A large number of research tools have been used to reveal the pores of shale, including scanning electric microscopes (SEM) [5], atomic force microscopes (AFM) [6], mercury intrusion porosimetry (MIP) [7], low-pressure gas adsorption [8], micro-CT and nano-CT [9,10], small-angle X-ray or neutron scattering [11], and so on. Loucks et al. (2009) [5] reported that the pores of Mississippian Barnett shale are mainly nanoscale (nanopores), and the pore size can be as low as 5 nm. Organic matter pore space is the dominant pore type in the shale and is strongly controlled by maturity, and pyrite and shale matrix can also provide some pore space for shale [5]. There are several factors that control the enrichment of gas in the marine shales, including well-developed micropores, a large surface area, and a high gas adsorption capacity [8]. Inter-particle pores between organic matter and clay minerals may be responsible for those three controls [8]. Sun et al. (2018) [11] reported that the storage and flow mechanisms of gas in shale reservoirs can be greatly affected by pore structure.
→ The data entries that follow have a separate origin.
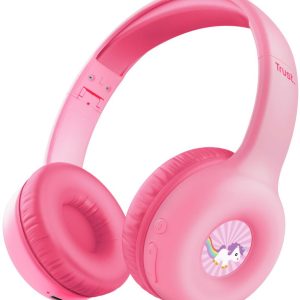 Trust Nouna Wireless Kids Headphones - Svart/gul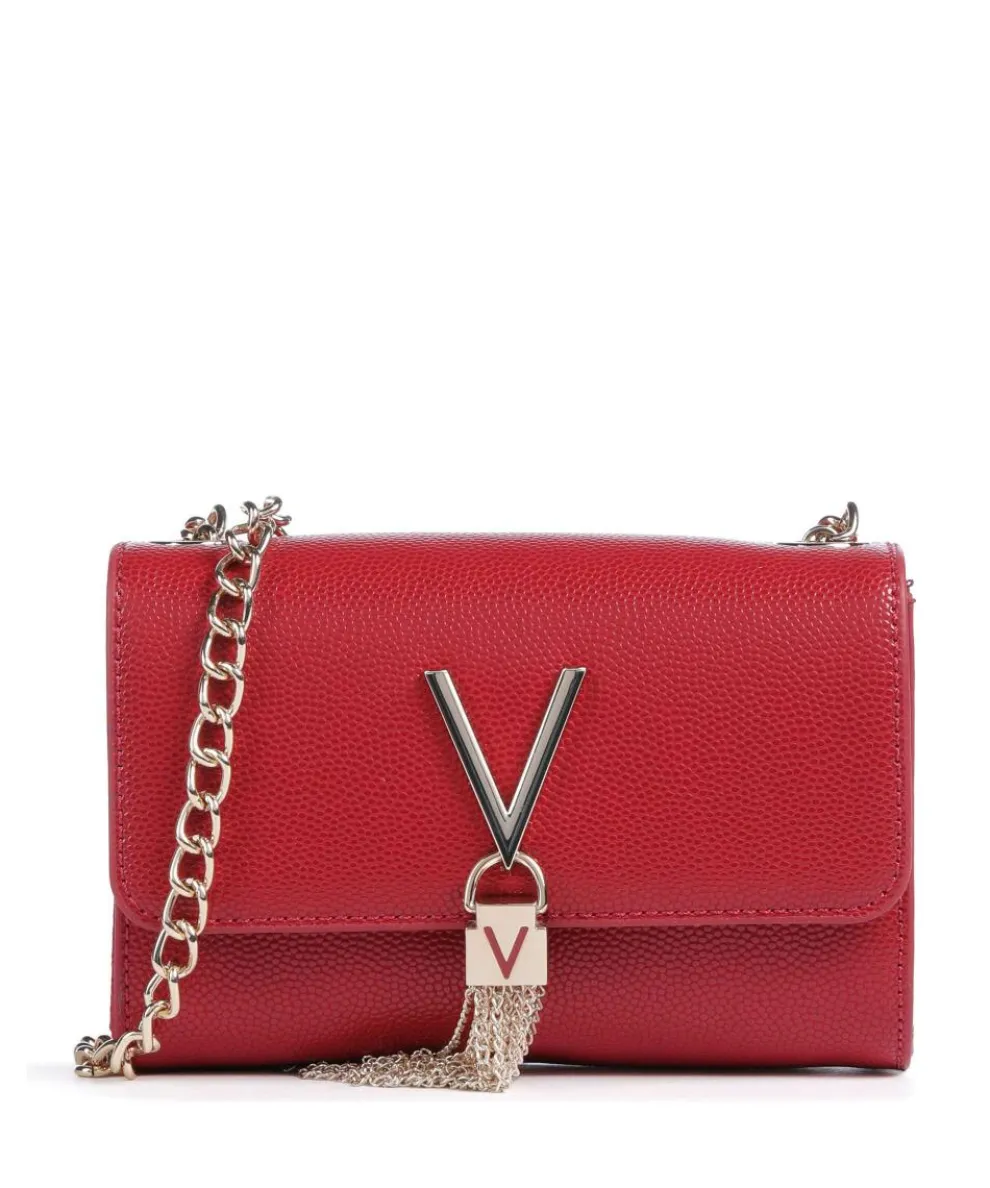 Divina Crossbody bag imitation leather red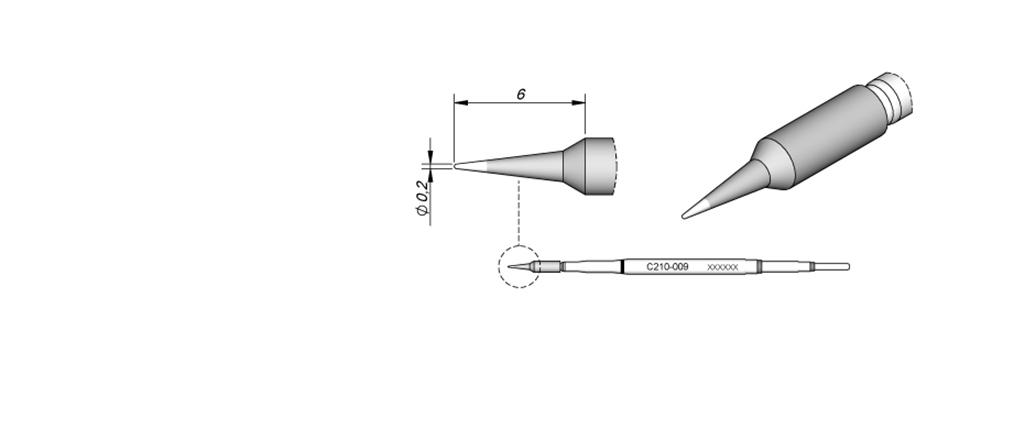 JBC CARTUCHO PARA LAPIZ DE SOLDAR 0.2MM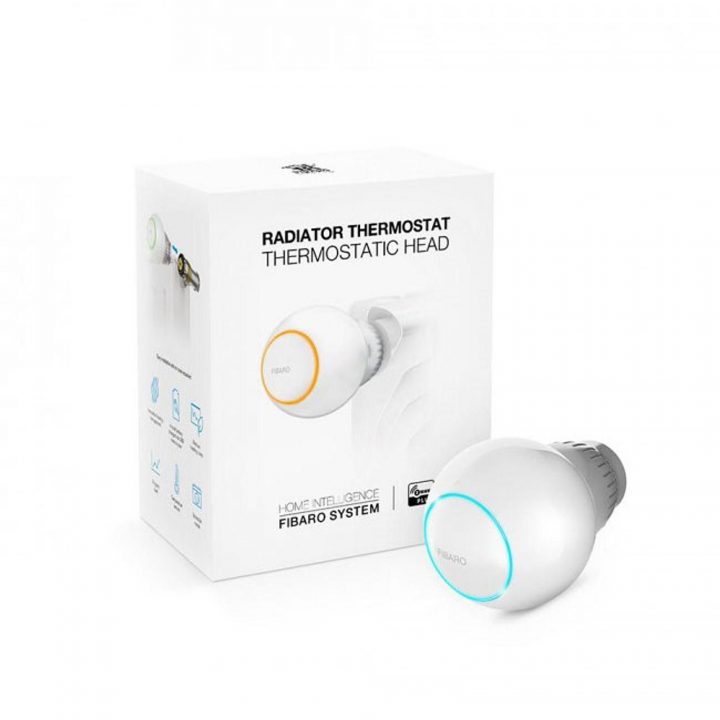 Fibaro Tête Thermostatique Z-Wave encequiconcerne Robinet Thermostatique Connecté
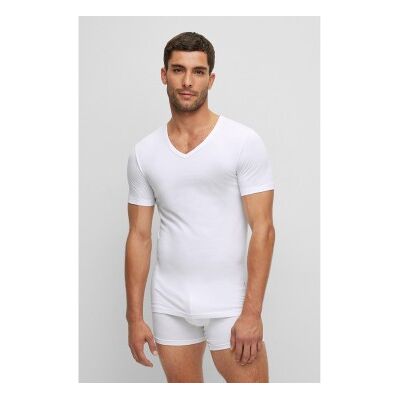 BOSSvoor mannen. 50475292 Set 2 T-shirts VN 2P Modern wit (XL), Casual, Katoen, Korte mouwen BOSSvoor mannen. 50475292 Set 2 T-shirts VN 2P Modern wit (XL), Casual, Katoen, Korte mouwen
There were rarely closed pores in illite but mainly in organic matter by means of small-angle neutron scattering (SANS) [11]. Moreover, geometrical tortuosity and matrix permeability are negatively correlated with the fraction of closed pores [11]. However, most of the current methods only reveal shale pore space but ignore the pore connectivity of shale; furthermore, shale oil and gas development depends heavily on pore connectivity [12]. Among those means, micro-CT and 3D reconstruction of pore spaces via digital rock physics (DRP) methods can effectively distinguish various type of pores, including the continuous pores and isolated ones [13].
In confined nanopores of shale, the solid-liquid intermolecular forces result in complex fluid properties which impact fluid flow. This means the traditional macroscopic Darcy flow equation is no longer applicable for accurately characterizing the fluid flow in such confined very fine spaces [13,14], which has encouraged a large amount of research [15,16,17,18,19]. Currently, the permeability of shales can be determined in the laboratory using three methods, including (i) gas measurements of plunger cores, (ii) gas analysis of particle samples, and (iii) the use of mercury (Hg) intrusion curves [20]. However, it is not feasible to measure shale permeability using steady-flow methods because of measurement of extremely small pressure drops or flow rates requires highly complex instrumentation. The development of pulse decay techniques followed, which could measure pressure decay on an upstream end of a confined core as well as pressure increase on the downstream end. As little as 10−9 millidarcies (1 × 10−15 mD ≈ 1 m2) of permeability can be measured with pulse decay techniques in minutes to hours or even days, depending on the application [21]. Helium (He) is utilized for permeability measurements of granular samples of shale, and pressure decay is measured and quantified as permeability [22]. The particle density or skeletal density of the rock is obtained by He porosimetry using crushed samples, and the porosity of shale can also be calculated by combining the capacity of the impregnated mercury [23]. Numerous studies have examined the relationship between permeability and Hg injection curves [24,25]. Permeability is calculated based on Hg saturation and capillary pressure at the apex of the hyperbolic log-log Hg injection plot [26]. Although the above experimental methods can characterize the permeability of shale to some extent, there are still problems such as large errors and low reproducibility. Considering low saturation and mobility of oil in shale, it would be difficult to intuitively capture oil flow in shale samples in experimental studies. Therefore, theoretical methods via simulation of the flow process [19] were used to investigate permeability in our selected shales.
The shale of the Qingshankou Formation in the Gulong Sag is a key target for shale oil development in China. The relationship between total porosity, continuous porosity, and permeability in studied shale has not been previously revealed by the combination of micro-CT experiments and simulations. Therefore, it is necessary to reveal the characteristics of porosity and permeability of shale in the region and its influence factors through a combination of experiments and simulations.
In this study, five shale samples from the Well Songyeyou 1HF, which was drilled through the Qing 1–3 Member in the Gulong Sag of the Songliao Basin, were selected for analysis and testing. Through micro-CT imaging combined with modeling, the difference in porosity, permeability, and oil content of the shale samples with different mineral assemblages is recognized first, then flow behavior in each is studied by simulation method to enable us to judge the possibility of commercial development of shale layers in the block.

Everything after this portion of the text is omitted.